The great old department stores like Altman’s, Wanamaker’s, etc., are being put out of business both by their own stupid business moves and by cheap-crap chain stores.

Fact o’ life: as you get older, everything changes, you get depressed, eventually you get old and die, and no one but the historians will remember what things used to be like. I read about New York 100 years ago, and had I been around when the grand old mansions were being demolished for glass-box skyscrapers, I’d have had a nervous collapse.

Flora has it in a nutshell; sad but true. In a few years this lousy fancy-coffee craze will be over, and we can look forward to the Starbucks franchises dropping like flies…but they’ll be replaced by the next fad. In the meantime, all we can do is continue to patronize Macy’s, the Essex Street pickle barrels, the Gotham Bookstore, the Grand Central Oyster Bar, Katz’s Deli (“Send a Salami to Your Boy in the Army”), etc.
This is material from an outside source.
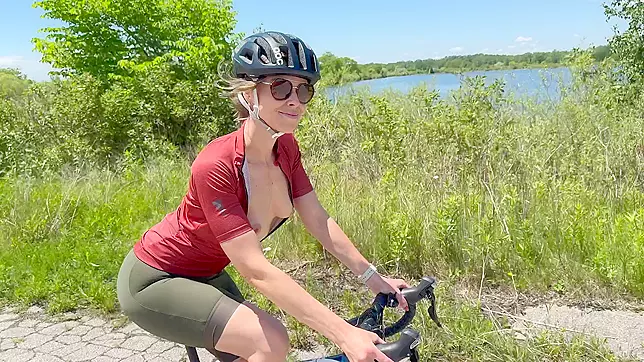 Sexy cyclist gives husband a public blowjob before getting unprotected creampie from lucky hiker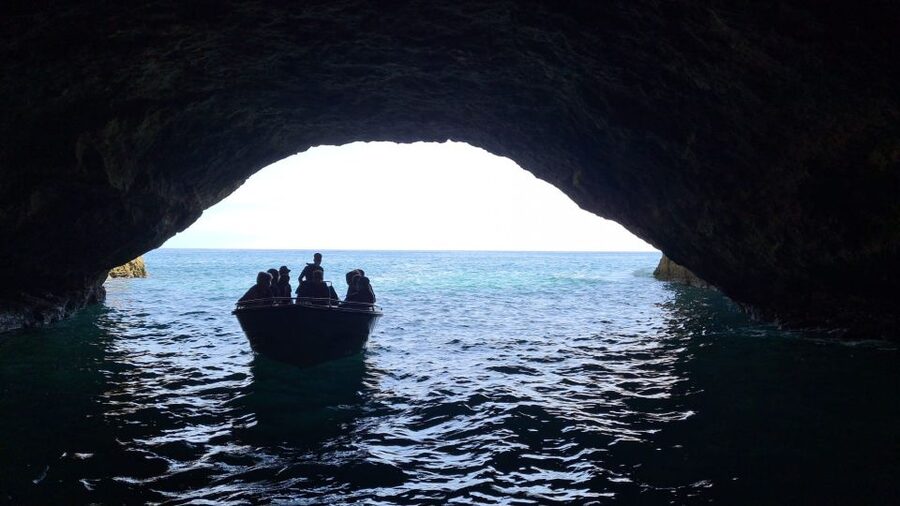 From Benagil: Coast Boat Tour with Benagil Cave - Benagil Cave Time, Sea Conditions, and Photo Strategy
Brooklyn makes an interesting contrast to Manhattan…there’s less money to be made there, so a lot of the nice old stuff is persevering…or returning. Lundy’s, the old seafood restaurant famous for the “shore dinner,” actually re-opened a couple of years back, albeit in a much smaller incarnation. Peter Luger’s Teutonic steakhouse is still in business, and still packing in the suits. Ebinger’s Bakeries began making their double-chocolate “blackout cake” again. Maybe Ebbet’s Field will re-sprout on Flatbush Avenue, and the Dodgers will finally come home.

Flora…not Lillian Gish and Richard Barthelmess?


Uke

Sorry, hon, now that I know you have smoker’s lungs, I can’t trust you to get me off that ice floe in time . . .

Must…find…Miss…McFlimsey’s…weakness…

Almond M&Ms? Hank Williams records? Contemporary romance novels? Opium lozenges? Bowling For Dollars? Romano-garlic breadsticks?


Uke

Ah-HAH! Found a clue in the “List O’Favorites” thread…she’s a PRISONER fan…

Yeah, she’s not a number…

Neither is she unmutual…

Aw, for goshsakes, guys, I spent last summer in Portmeirion, OK? Yes, I liked The Prisoner back in the '60s, but when I recently saw reruns on TVLand, I fell on the floor laughing–the height of pretentious '60s claptrap! By the way, Portmeiron is more gorgeously wacky in real life than you can even imagine from the series. Stairways that lead nowhere, a concrete ship moored on the Irish sea, painted-on fake windows–an absolute madhouse, all constructed from 18th and 19th century manor houses.

And you want my embarrasing weakness? Fla-vor-Ice. Those condoms filled with Kool-Aid that you freeze ‘n’ eat? Can’t get enough of 'em . . .

Fla-Vor-Ice? My next guess was going to be kryptonite!